Tutto quello che ho, l’ho desiderato, perciò adesso sono così sereno nel gestirlo. Ogni cosa accade per un motivo. Ai mondiali di Doha non dovevo correre forte perché non ero ancora pronto mentalmente per gestire il successo. Non mi turbano neanche le cattiverie gratuite sul doping. Nella vita esisterà sempre qualcuno che, non avendocela fatta, si rifiuterà di credere alla buona fede di chi ce la sta facendo. Io non conosco l’invidia, solo la competizione: se un altro ce la fa, voglio farcela anch’io. E non mi accontento di quello che ho. Cerco di raddoppiare. Senza sperperare, ma amo le cose materiali: vestiti, macchine, brillantini e tatuaggi. Mia madre diceva: non te lo lascerò mai fare, un tatuaggio! Appena diventato maggiorenne, qual è stata la prima cosa che ho fatto?

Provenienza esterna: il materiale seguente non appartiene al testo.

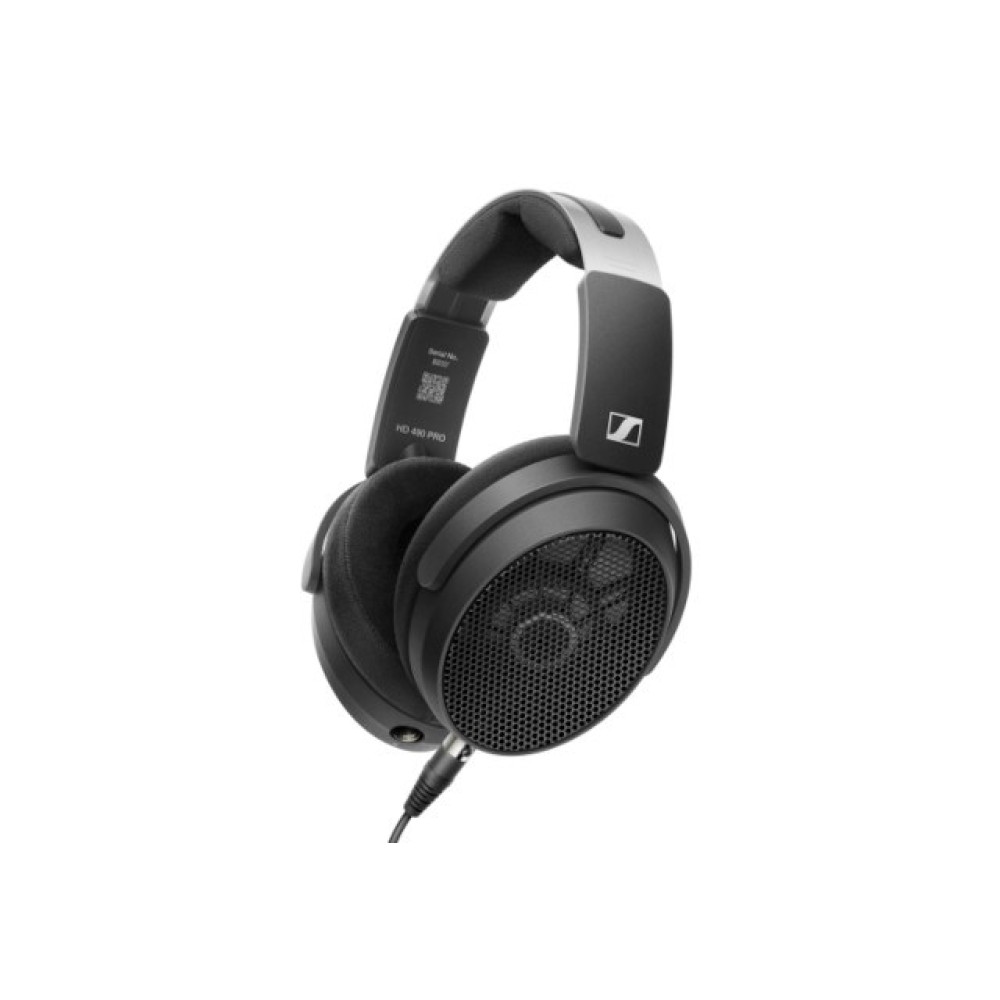 Czarne słuchawki Sennheiser HD 400 PRO z kablem na białym tle.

Quest’autunno andrò un po’ in tv. Ballando con le stelle? Vedi quella scopa lì nell’angolo? Sono io mentre ballo… Trovo giusto sfruttare tutto ciò che può farmi conoscere, ma sono anzitutto un atleta, il prossimo anno ci sono i Mondiali. Vi entrerò da campione olimpico e voglio uscirne da campione del mondo. Il segreto è arrivare al top della forma al momento giusto. A inizio stagione dirò: non aspettatevi un record alla prima gara, altrimenti ai Mondiali non ci arrivo… Quanto alla staffetta, voglio correre la quarta frazione, perché la gloria se la prende l’ultimo. Fino all’anno scorso il più forte era Filippo Tortu, quindi era giusto che l’onore toccasse a lui, ma adesso i ruoli si sono invertiti e chiederò di invertire anche le posizioni in pista. Con lui c’è sana rivalità, benché ora il mio obiettivo sia battere i numeri uno al mondo.

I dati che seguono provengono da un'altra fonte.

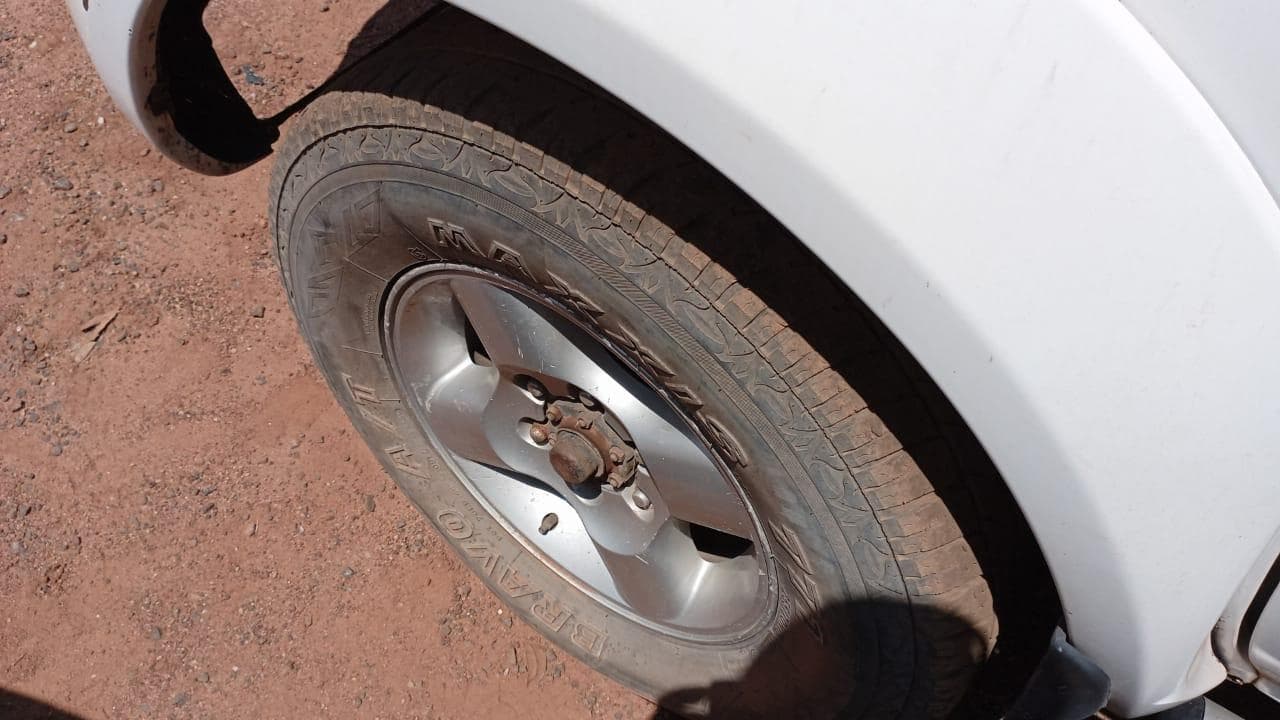 NISSAN HARDBODY 2.5 · Mocuba — imagen 11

Ho 26 anni e voglio correre oltre i 30. Bolt ha smesso a quell’età, ma aveva cominciato a vincere a 22. Mi ha scritto un messaggio e non me ne ero neanche accorto, guarda! («Hai reso orgogliosa l’Italia, bravo!» con l’emoticon di tre avambracci scuri muscolosi). Adesso non vedo l’ora di riprendere ad allenarmi. Però so già che, appena arriverò al campo, il mio allenatore mi farà fare dodici volte i 120 metri, io al terzo scatto mi fermerò e gli urlerò: «Basta, Paolo, mi viene da vomitare». Allora Paolo si avvicinerà e mi dirà: «Vomita pure, Marcell. Vomita e poi ricomincia».